Miha Šušteršič Miha Šušteršič - 17 days ago 5
Node.js Question

Javascript - .map running out of memory

My libraries:

const Promise = require('bluebird');
const fs = Promise.promisifyAll(require('graceful-fs'));
const path = require('path');
const xml2js = Promise.promisifyAll(require('xml2js'));


I have a large number of XML files I want to parse. I am able to create an array of paths to all the files using this function:

function getFileNames(rootPath) {
// Read content of path
return fs.readdirAsync(rootPath)
// Return all directories
.then(function(content) {
return content.filter(function(file) {
return fs.statSync(path.join(rootPath, file)).isDirectory();
});
})
// For every directory
.map(function(directory) {
// Save current path
let currentPath = path.join(rootPath, directory);
// Read files in the directory
return fs.readdirAsync(currentPath)
// Filter out the XMLs
.filter(function(file) {
return path.extname(file) === '.XML';
})
// Return path to file
.map(function(file) {
return path.join(rootPath, directory, file);
});
})
// Flatten array of results
.reduce(function(a, b) {
return a.concat(b);
});
}


and now I want to go trough every single file and parse it.

I have 2 function to do so:

function openFile(filePath) {
return fs.readFileAsync('./' + filePath)
.then(function(fileData) {
return fileData;
});
}

function parseFile(data) {
return xml2js.parseStringAsync(data)
.then(function(xmlObject) {
return xmlObject;
});
}


Now when I call this with the .map (the
GetFileNames
function outputs an array with over 20k strings with file paths) function:

getFileNames('./XML')
.map(function(file) {
openFile(file)
.then(function(data) {
parseFile(data)
.then(function(object) {
console.log(object);
});
});
});


I get a javascript heap out of memory error:


FATAL ERROR: CALL_AND_RETRY_LAST Allocation failed - JavaScript heap
out of memory


But when I run the function a single time by passing in the path to the actual file:

openFile('./XML/2016-10-1/EUROTIPOLD2016-10-1T00-00-22.5756240530.XML')
.then(function(data) {
parseFile(data)
.then(function(object) {
console.log(object);
});
});


I get the desired output.

What am I doing wrong?

Answer

Iterating nK files happens asynchronous.

1) You're getting list of files

2) by doing .map You're calling openFile, parseFile that are async functions and it takes time to read and parse.

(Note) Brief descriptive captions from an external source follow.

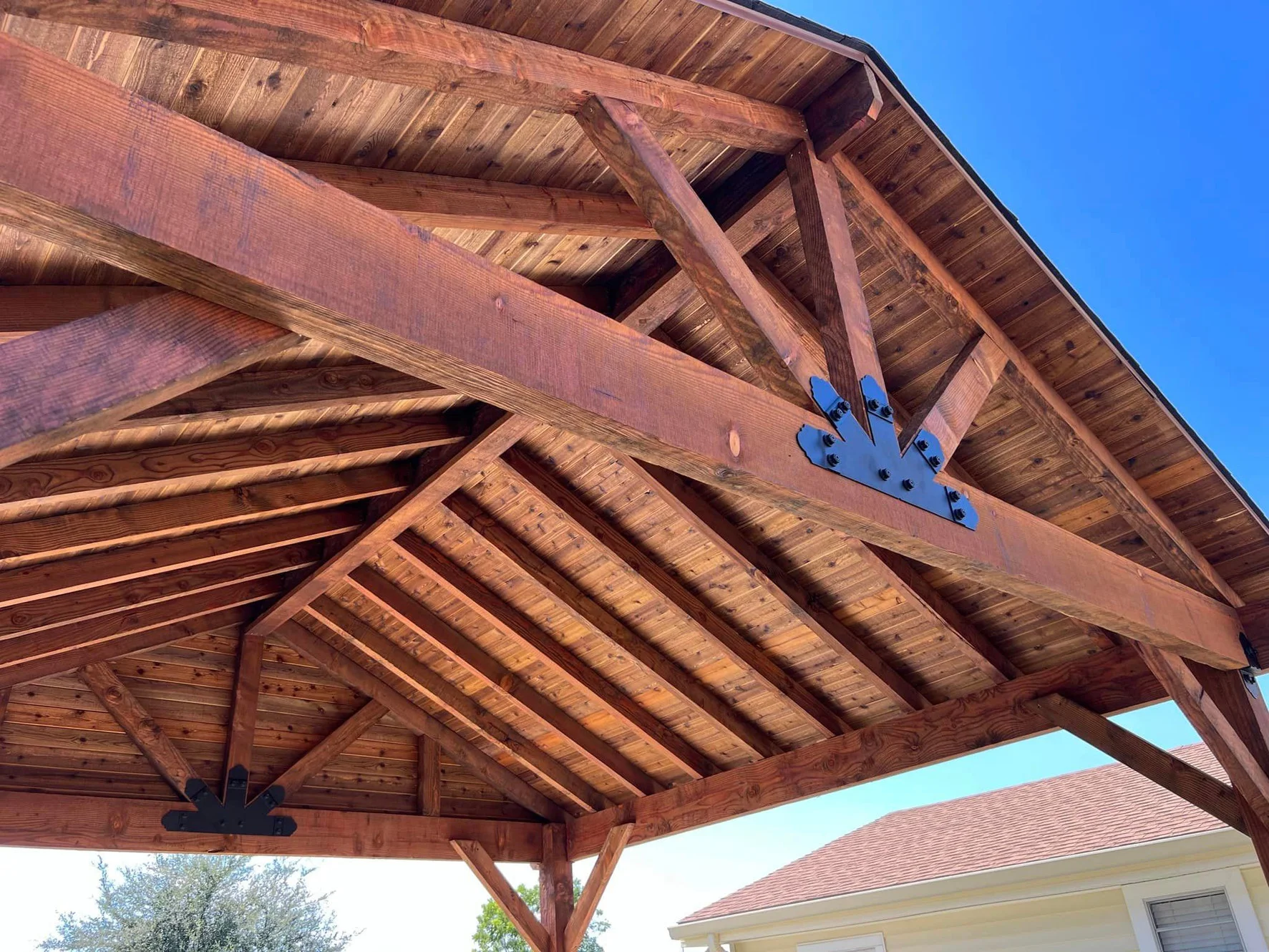 Cedar gable trusses and exposed rafters on a custom patio cover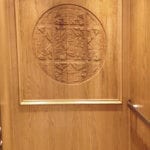 Symmetry LULA Church Elevator Customized Engraved Cab Wall in St Mikes installed by Arrow Lift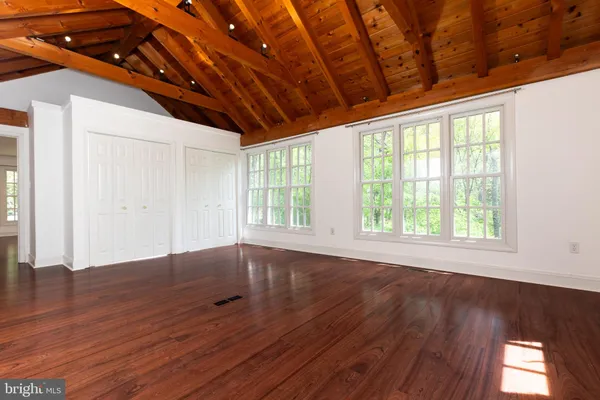 a big room with wooden floor and windows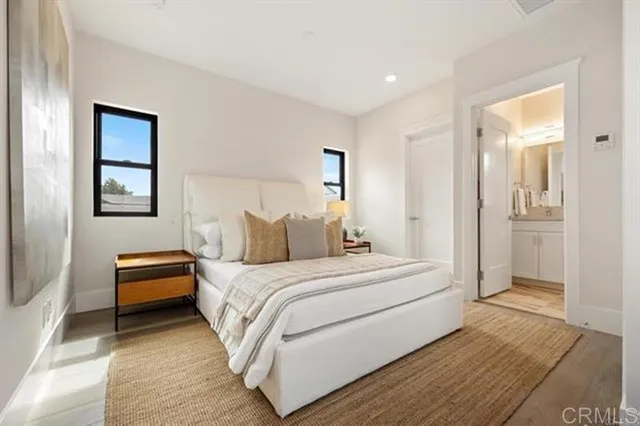 a bedroom with a bed and a painting on the wall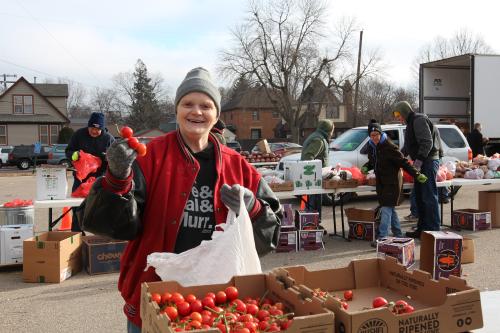 A distribution volunteer holds a vine of tomatoes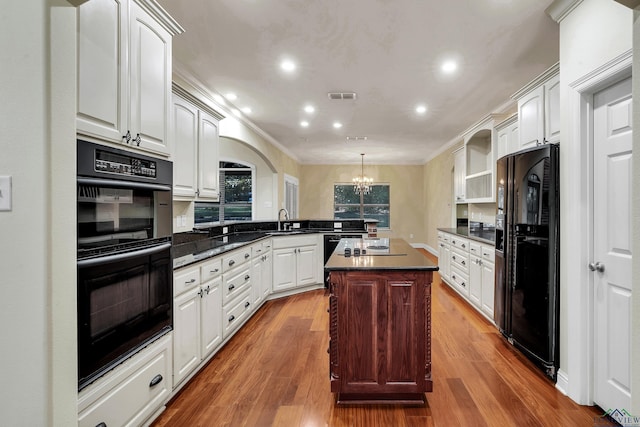 kitchen with kitchen peninsula, black appliances, a chandelier, a center island, and white cabinetry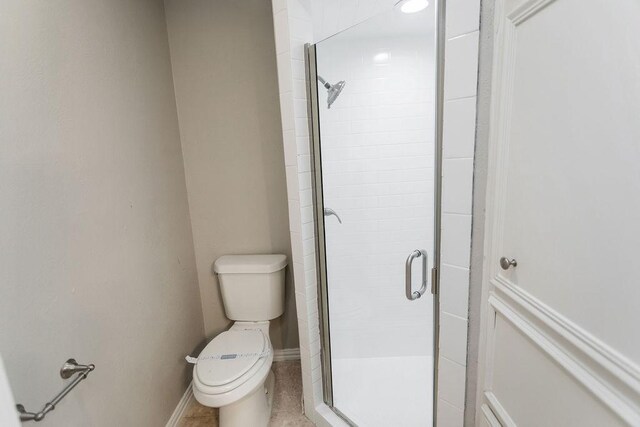 6908 Briardale Dr, North Richland Hills, TX 76182 - bathroom featuring a shower stall and toilet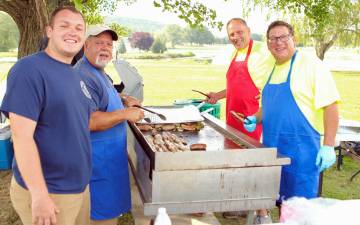 Members of the Momasha Fire Company man the grill for the community barbecue.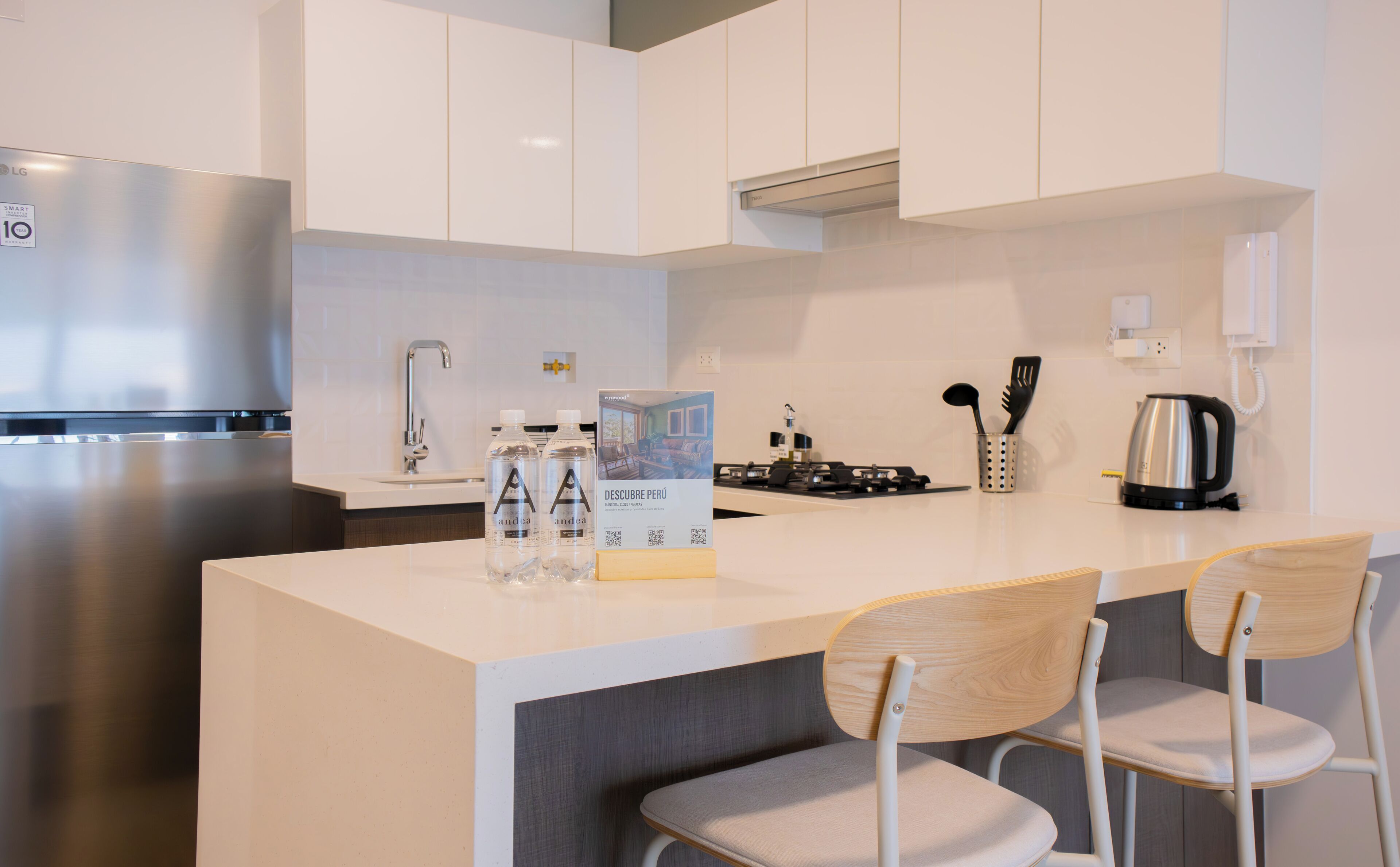 A modern kitchen with a stainless steel refrigerator, a gas stove, and a coffee maker. There are two chairs with wooden seats and metal frames.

So because of asynchronousity it proceeds to next file without waiting to finish previous one to call garbage collector to sweep memory and here is insufficient memory problem.

Think about reading 20K files with different sizes at once.


So here is solution:

Use async to synchronize (eachSeries) or control (eachLimit) iteration.

const async = require('async'); // install: npm i --save async

let files = getFileNames('./XML');

// eachLimit(files, 3,
async.eachSeries(files, 
  (file, next) => { 
    openFile(file) 
     .then(
       parseFile, 
       (err) => {
         console.error('Cannot open file:', file, err);
         next();
       }) 
     .then(
       object => { // successfully parsed file, so log it out and proceed to next file
         console.log(object);
         next();
       }, 
       (err) => {
         console.error('Cannot parse data from file:', file, err);
         next();
       });
});

p.s. feel free to comment and fix code issue in my answer.